# Superficial loss rule, what about superficial gains?



## futuregrowth (Mar 5, 2012)

Hi everyone, 

I know about the superficial loss rule, but is there some other implication other than simple capital gains tax for selling at a profit and repurchasing the same stock (specifically ETFs in my case) within 30 days?

Thanks!


----------



## HaroldCrump (Jun 10, 2009)

Nope, it only works one way.
The CRA always taketh away, never giveth away


----------



## futuregrowth (Mar 5, 2012)

Thanks! I should have assumed that :tongue-new:


----------



## slacker (Mar 8, 2010)

haha, yeah.


----------



## Eclectic12 (Oct 20, 2010)

The gov't collects capital gains tax on a "superficial gain" so they have no problem with extra taxes.

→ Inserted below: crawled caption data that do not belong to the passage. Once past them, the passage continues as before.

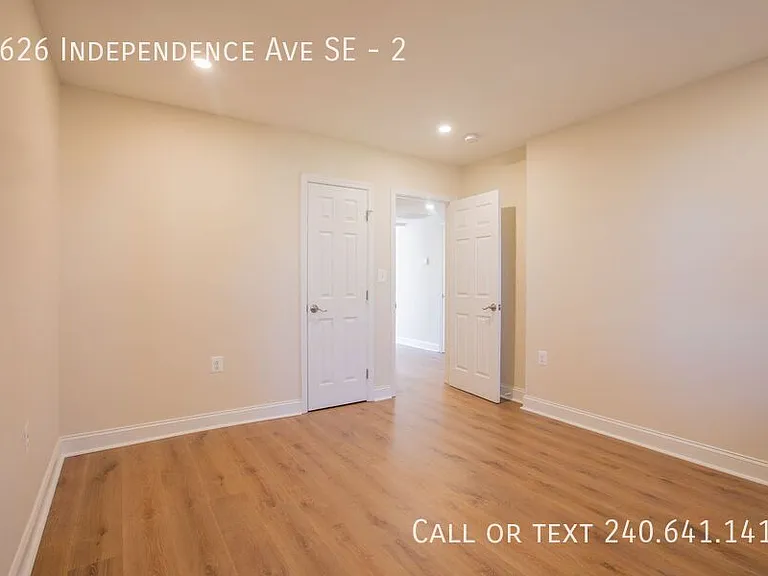 1626 Independence Ave SE #2 — Photo 2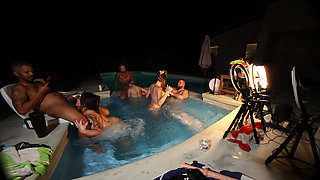 Hot Tub Live Orgy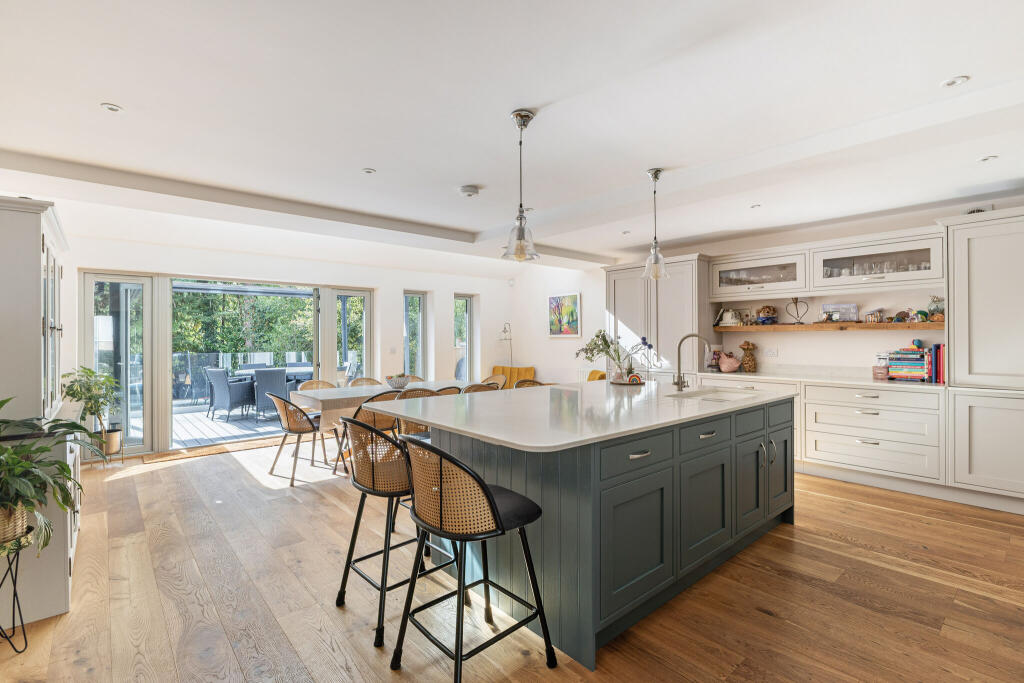 Meadow Walk, Harpenden, AL5 photo 3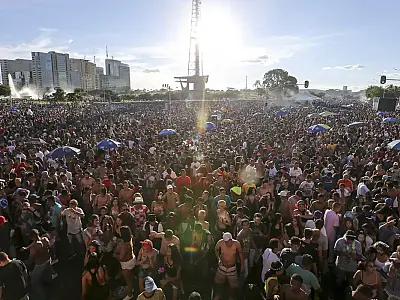 Descubra a programação completa dos blocos de carnaval 2026 no Distrito Federal neste domingo, 15 de fevereiro, com 73 atrações.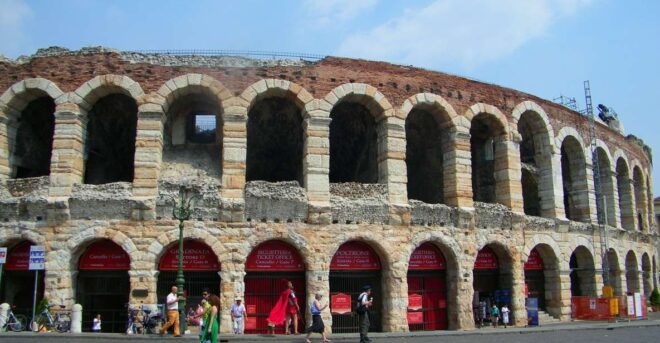 Verona Private Tour: the Place of Lovers - Meeting Point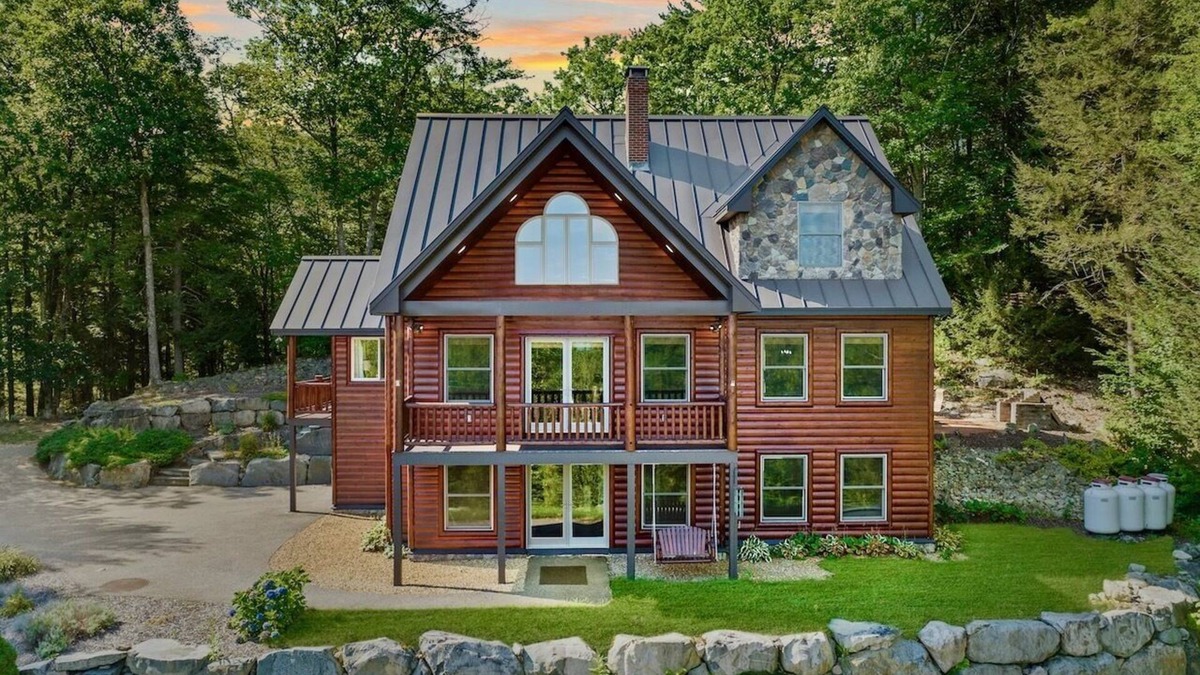 Gilford Cabin | Stunning Lake Views + Fall Colors @ Gunstock - 4 BR Sleeps 10, Dog-Friendly Home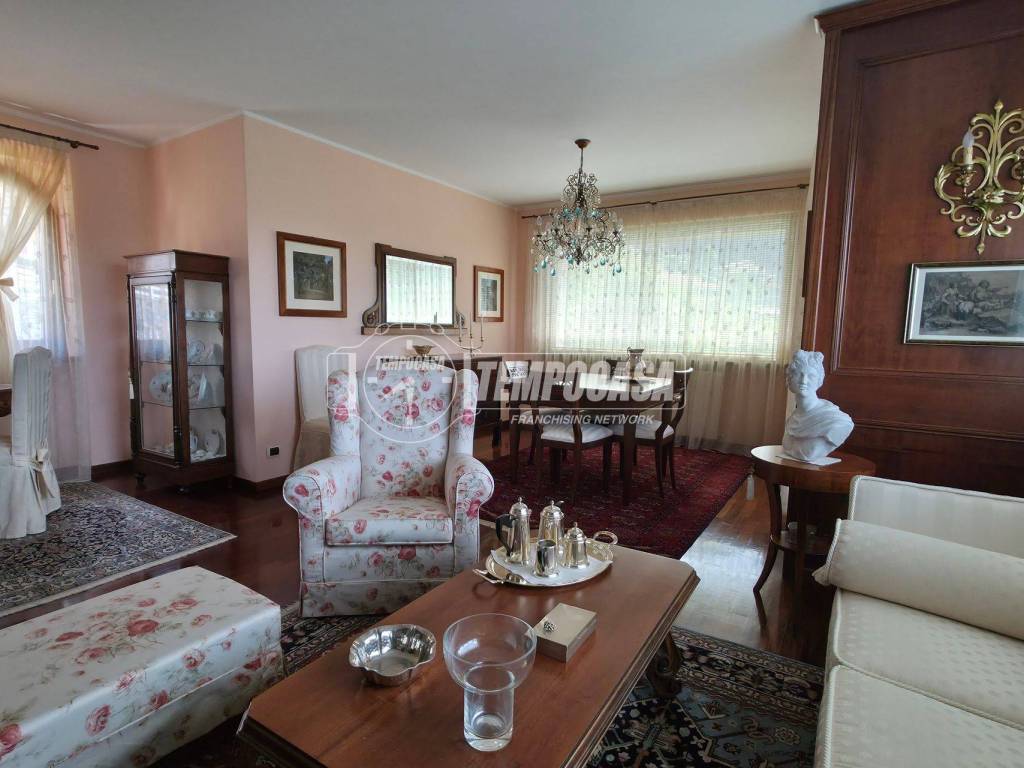 appartamento in vendita ad Aviatico in zona Ama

Come to think about it, I'm guessing that a "superficial gain" would be when one understates the Adjusted Cost Base (ACB) so that the capital gain reported is more than it should be. For an ETF that has a Return of Capital (RoC) component, the most likely source of such an error would be reducing the ACB by more RoC than the ETF actually reported (ex. ETF reports $1 RoC for the time period the ETF was held but somehow in the math, $2 RoC is subtracted from the ACB resulting in a lower ACB than there should be and a higher capital gain reported).

Or I suppose just bad bookkeeping could also result in such an issue.


Cheers


----------